The duty owed by an accountant to a client is generally not fiduciary in nature (Able Energy, Inc. v. Marcum & Kliegman LLP, 69 AD3d 443, 444 [1st Dept 2010]; DG Liquidation v. Anchin, Block & Anchin, 300 AD2d 70, 70-71 [1st Dept 2002]). Nor does a conventional business relationship, without more, create a fiduciary relationship (Friedman v. Anderson, 23 AD3d 163, 166 [1st Dept 2005]).
Here, plaintiffs alleged only that Raich agreed to provide accounting and consulting services for Scalamandre, the company in which plaintiffs held a financial interest, and its board of directors. This does not suffice to allege that Raich owed plaintiffs a fiduciary duty. In light of the insufficient allegations of any fiduciary duty owed by Raich, the trial court also correctly dismissed the claim of aiding and abetting a breach of fiduciary duty (see Kaufman v. Cohen, 307 AD2d 113, 125 [1st Dept 2003]).

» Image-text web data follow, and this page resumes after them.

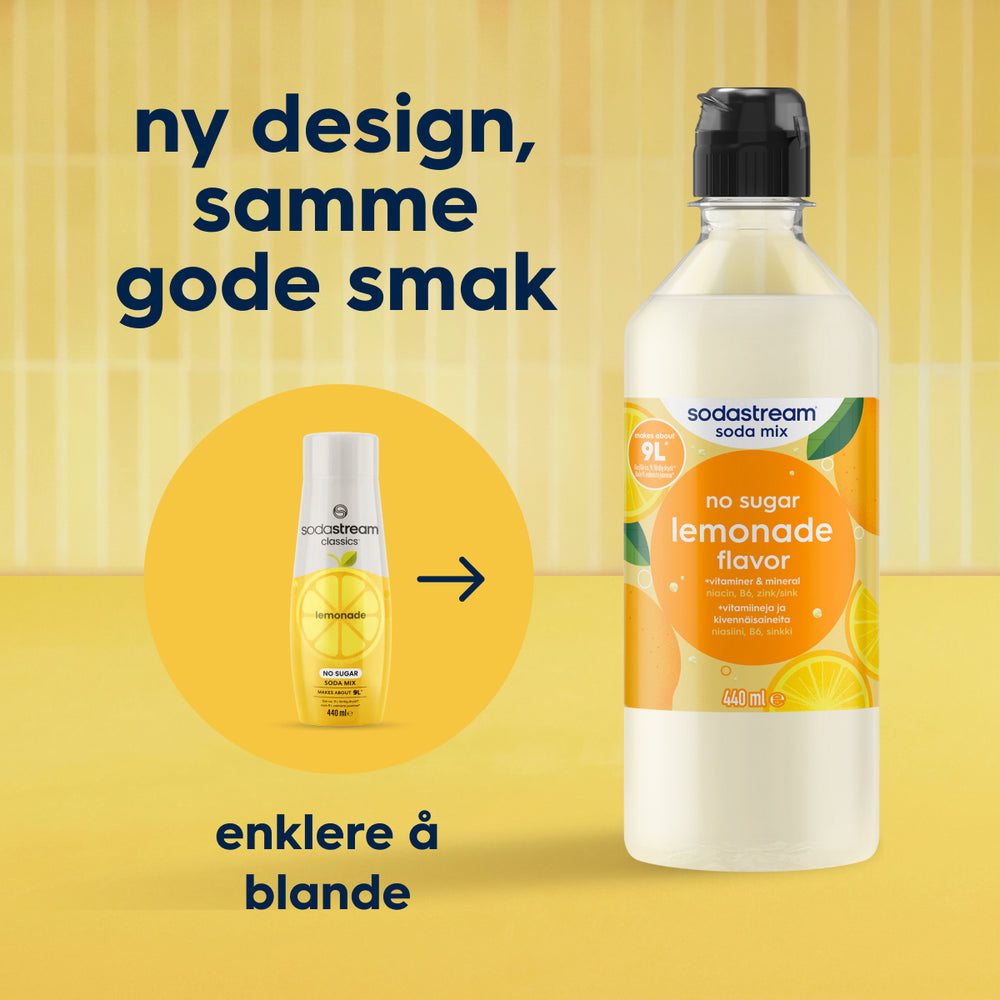 Lemonade No Sugar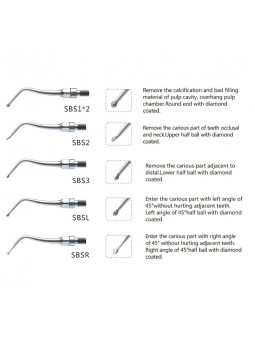 Easyinsmile SRCKS SIRONA PerioScan Dental scaler Tip Scaler Cavity Preparation Kit Sliver  SBS1 SBS2 SBS3 SBSL SBSR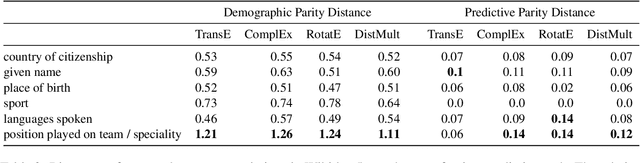 Figure 2 for Towards Automatic Bias Detection in Knowledge Graphs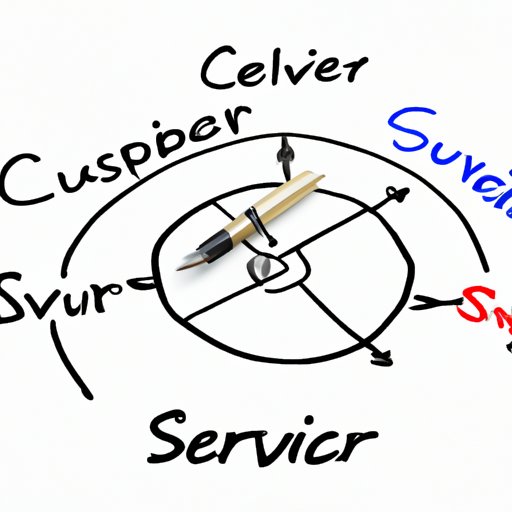 Develop a Customer Service Plan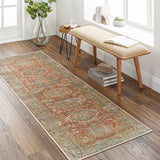 Sugcad Washable Runner Rug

To the extent that plaintiffs argue on appeal that defendant Raich owed plaintiffs a fiduciary duty, not as an accountant or advisor, but as a "business broker," our review of the record reveals that this theory of liability was not articulated in the complaint or in plaintiffs' papers opposing dismissal. Accordingly, we decline to consider this claim (see e.g. Sonnenschein v. Douglas Elliman-Gibbons & Ives, 96 NY2d 369, 376-377 ; Recovery Consultants v. Shih-Hsieh, 141 AD2d 272, 276 [1st Dept 1988]).
This constitutes the decision and order of the Supreme Court, Appellate Division, First Department.